NAMI: Efficient Image Generation via Bridged Progressive Rectified Flow Transformers

Imagine you are an artist hired to paint a massive, hyper-realistic mural of a bustling city.

The Old Way (Traditional AI Models):
Most current AI image generators work like a perfectionist painter who insists on painting the entire mural at full resolution from the very first brushstroke. They try to get the tiny details of a single brick, the texture of a leaf, and the reflection in a window all at once.

The Problem: This is incredibly slow and exhausting. It requires a huge team of painters (billions of parameters) working non-stop. Even for a small sketch, they waste time trying to perfect details that haven't even been sketched in yet.

The New Way (NAMI):
The authors of this paper, NAMI, came up with a smarter strategy. They realized that painting a picture is a progressive process. You don't start with the fine details; you start with a rough sketch, then add layers, and finally polish the details.

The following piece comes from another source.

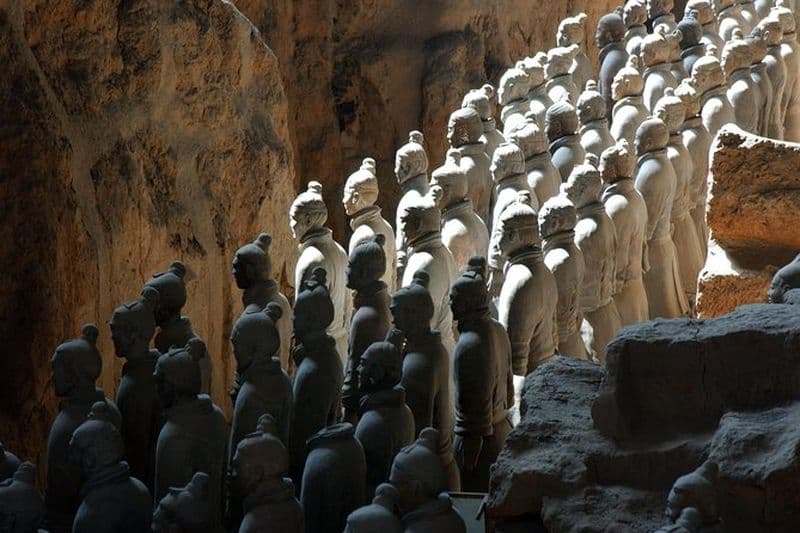 Xi'an en une journée : excursion d'une journée au départ de Shanghai en avion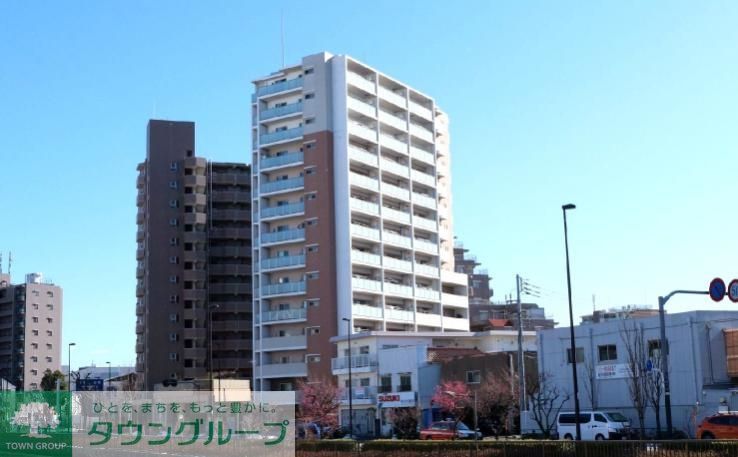 建物外観　眺望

Here is how NAMI works, broken down with simple analogies:

1. The "Matryoshka" Strategy (Progressive Resolution)

Instead of painting the whole 1024x1024 pixel image at once, NAMI breaks the job into three distinct stages, like building a house:

Stage 1 (The Blueprint): The AI starts with a tiny, low-resolution sketch (256 pixels). It only uses a small, lightweight team of painters to figure out the big picture: "Where is the sky? Where is the building? Is there a tree?" It ignores all the tiny details.
Stage 2 (The Framing): The sketch is blown up to a medium size (512 pixels). Now, a medium-sized team joins in to add structure and shapes.
Stage 3 (The Finishing Touches): The image is blown up to full size (1024 pixels). Now, the full, heavy-duty team arrives to add the intricate details, textures, and lighting.

Why this is cool: In the old way, the heavy-duty team was working on the "blueprint" stage, which is a waste of their expensive skills. NAMI saves money and time by using the right-sized team for the right job.

2. The "Bridge" (BridgeFlow)

When you zoom in from a small sketch to a larger one, things can get messy. The lines might get blurry, or the colors might shift weirdly.

The Old Fix: Previous methods would just "guess" or "re-noise" the image when zooming in, which is like trying to fix a blurry photo by squinting at it. It's slow and often inaccurate.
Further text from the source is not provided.